Rayden kehabisan kata-kata lagi. "Baiklah, Ma, Pa, aku ke kamar dulu." Rayden meninggalkan kedua orangtuanya yang masih heran melihat sikapnya.
"Mereka kan kembar. Wajar saja jika perasaannya ikut terluka dengan keputusan kita. Aku yakin Alezha tidak sepenuhnya menerima perjodohan ini." Alea berpendapat.
*****
Rayden masih merenung di kamarnya. Ia masih memikirkan tentang sikap Alezha yang berubah setelah hari itu. Tepat dua tahun yang lalu. Ia masih ingat saat Alezha baru saja pulang dari acara reuni SMA. Setibanya di rumah, Alezha langsung meminta izin pergi ke Amerika untuk liburan sekaligus menjenguk keluarga papanya yang tinggal di sana.
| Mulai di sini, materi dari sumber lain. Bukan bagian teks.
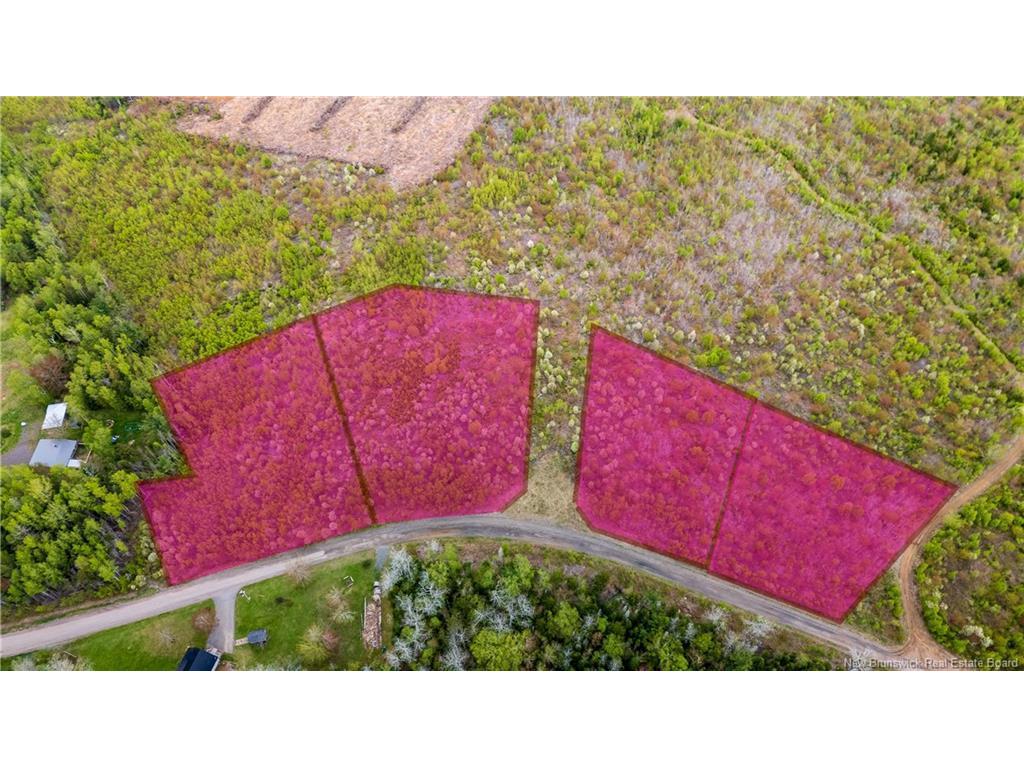 









LOT 40


Davidson

RD,
Anagance,







NB
E4Z 1E1

Dan sepulang dari liburan, Alezha tampak sangat berbeda. Jarang marah dan lebih banyak diam. Entah apa yang terjadi, namun Alezha tak mau memberitahu dirinya.
Bab 2. Pertemuan
Beberapa hari kemudian, Alezha dan kedua orang tuanya pergi ke sebuah restoran. Mereka akan bertemu dengan calon suami Alezha, yaitu Kaysan Anderson dan juga orang tuanya. Rayden dan Erlangga tidak ikut karena ini khusus pertemuan untuk kedua calon suami istri itu.
Sesampainya di tempat tujuan, mereka segera turun dari mobil. Alezha menatap restoran yang sangat sepi. Ia yakin bahwa keluarga Anderson sudah mereservasi tempat itu demi makan malam ini.
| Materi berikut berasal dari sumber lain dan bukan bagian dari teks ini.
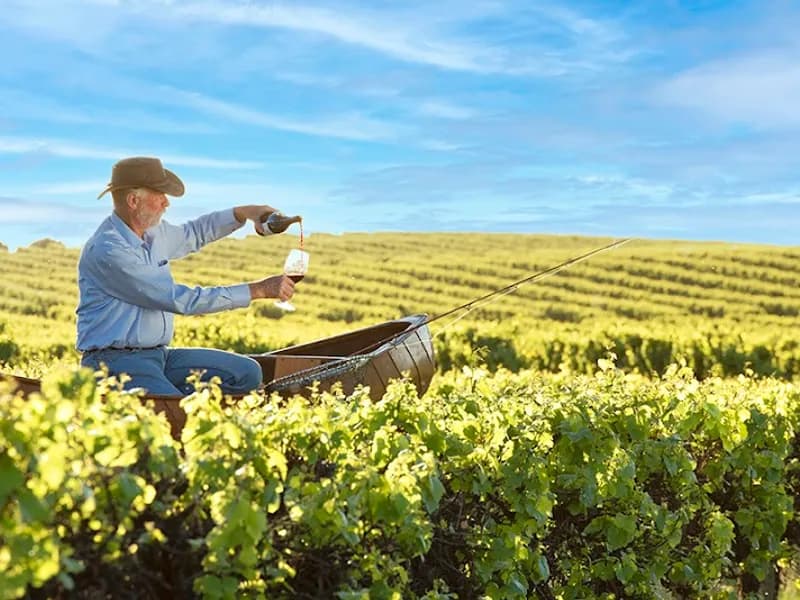 Angoves Winery winery in SA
Perlahan, mereka melangkahkan kaki menuju dalam restoran. Mereka di sambut oleh pelayan dan menajer restoran bak tamu agung.
"Silakan masuk, Tuan, Nyonya, Nona," ucap sang manajer sambil menunduk memberi hormat.
Mereka pun dibimbing menuju sebuah ruangan yang berisi sebuah meja dengan enam kursi. Sepertinya ruangan itu hanya di khususkan untuk tamu penting mereka.
Terlihat tiga orang sedang berdiri menyambut mereka. Dua orang yang sudah tua tersenyum ramah. Sedangkan anak mereka hanya menyunggihkan sedikit senyuman seakan tidak peduli.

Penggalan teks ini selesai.